Tickets are available at www.starchefs.com/risingstars.

StarChefs.com will celebrate the StarChefs Rising Stars Chef Awards March 3, at Mar-a-Lago. The 2008 South Florida Rising Star Winners are Chef Jeff O’Neill of Mar-a-Lago, Chef Alberto Cabrera of Karu Restaurant & Y (Now closed); Chef Michael Bloise of Wish, Chef Clay Conley of Azul, Chef Zach Bell of Café Boulud, Chef David Mullen of Angle, Chef Jeff McInnis of The DiLido, Chef Christopher Eagle of Cielo, Chef Kurtis Jantz of Neomi’s, Pastry Chef Joel Lahon of Nobu, Pastry Chef Malka Espinel of Johnny V’s, Bar Chef Ame Brewster of Café Boulud, Sommelier Cynthia Betancourt of Azul and Sommelier Roberto Colombi of Cielo. The walk-around tasting gala featuring signature dishes from each chef, as well as premium wine pairings, spirits and entertainment will be held at Mar-a-Lago Estate from 7pm – 9pm. Tickets are $150, VIP tickets are $200 each.
 

Food News and Views – Ellie Krieger-Art Smith-Pedro Ferrer February 21, 2008

Food and Dining Radio Show – 2.21.08

Linda Gassenheimer (LG)
Joseph Cooper (JC)
Fred Tasker (FT)
Pedro Ferrer (PF)
Art Smith (AS)
Ellie Krieger (EK)

LG: Today we have Ellie Krieger from the Food Network show Healthy Appetite – hello Ellie. We’re also joined by Pedro Ferrer from Freixenet. Welcome to everyone.

EK: Thanks

PF: Thank you for having me here.

LG: Sitting next to me is Art Smith. Art is Oprah’s Special Events Chef and was her personal Chef for 10 years.

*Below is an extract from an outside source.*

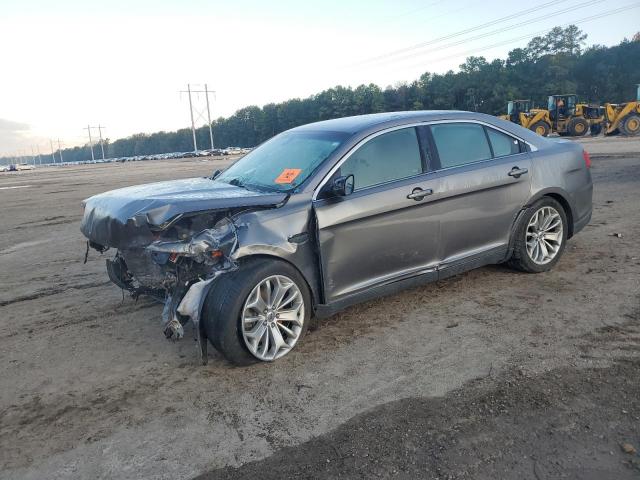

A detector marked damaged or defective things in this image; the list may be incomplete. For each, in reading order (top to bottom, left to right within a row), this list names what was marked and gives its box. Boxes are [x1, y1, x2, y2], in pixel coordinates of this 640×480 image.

crumpled hood [80, 178, 288, 249]
damaged front end [80, 178, 288, 362] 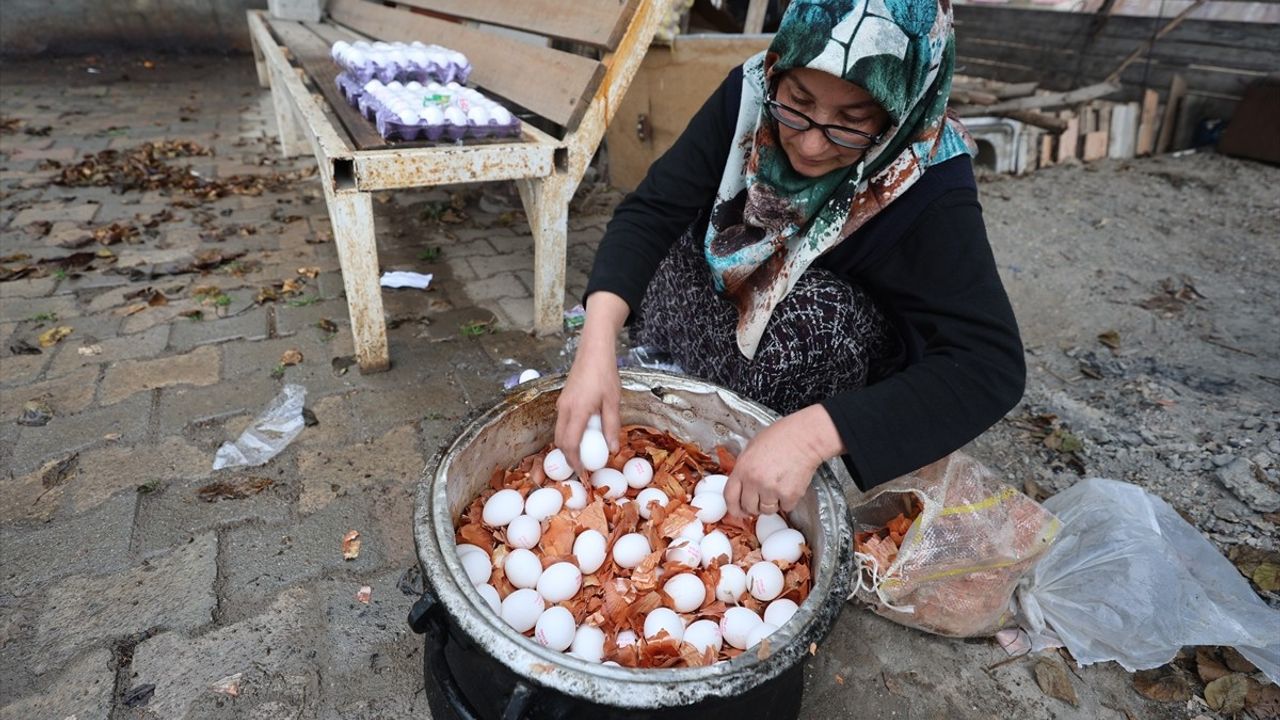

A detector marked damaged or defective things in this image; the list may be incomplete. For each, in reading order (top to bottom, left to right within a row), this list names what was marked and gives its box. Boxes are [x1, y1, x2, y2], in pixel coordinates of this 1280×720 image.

rusty metal surface [414, 368, 855, 707]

AS: Thank you for having me.

LG: Fred Tasker is here in his usual seat. Fred writes the wine suggestions for my column in the Miami Herald. Go to miamiherald.com to read that and check out my blog.

JC: Look at all those bottles and glasses.

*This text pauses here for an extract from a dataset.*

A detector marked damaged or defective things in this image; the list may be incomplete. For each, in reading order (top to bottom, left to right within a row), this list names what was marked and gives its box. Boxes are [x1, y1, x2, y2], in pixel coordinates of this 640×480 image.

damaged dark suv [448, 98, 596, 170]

FT: I have 5 glasses and 2 bottles.

LG: Ellie is joining us from New York. She’s coming down to Miami tomorrow. Let’s hope it’s going to be warm and sunny tomorrow!

EK; I’m looking forward to coming!

LG: One of the new events this year at the South Beach Wine and Food Festival is “Fun and Fit As A Family.” You and Art are going to take part in it. Tell us about it.

EK: I’m going to be there on Saturday and Sunday. It’s an opportunity for families to cook together and talk about food. It’s a wonderful opportunity for children to be turned on to the joys of cooking and food…things that will take them far in life.

LG: For a child to attend you do need an adult. There are going to be cooking classes and there are other events there throughout the day at Jungle Island, formerly the Parrot Jungle. Art, you are there also?

AS: Yes! We’re going to be doing steak tacos with the kids.

LG: I understand there are tickets left. Google “South Beach Wine and Food Festival” to find out more. Ellie, your Food Network show is called Healthy Appetite. I suspect it’s not a large amount. What’s it all about?

EK: I’m a nutritionist and I’m a food lover first. Some things I have noticed over the years is that you have to choose between good food and delicious food. That sense of mutual exclusivity doesn’t have to be there. It’s a mistake to look at food as either one. I help people learn how to love food in a healthy way. I do that in my cook book too, The Food You Crave.

LG: You say in the book that people can eat the food they crave. What are the foods most people crave?

EK: That’s a personal thing, but there are certain universal things. People crave food that tastes delicious. They want a sense of absolute wonderful flavor coming through.

LG: If it doesn’t taste good it doesn’t matter if it’s healthy or not.

EK: I completely agree. We’re falsely trained to think that if it tastes good it can’t be good for you.

LG: There are some people in the studio who say that quite often [laughing].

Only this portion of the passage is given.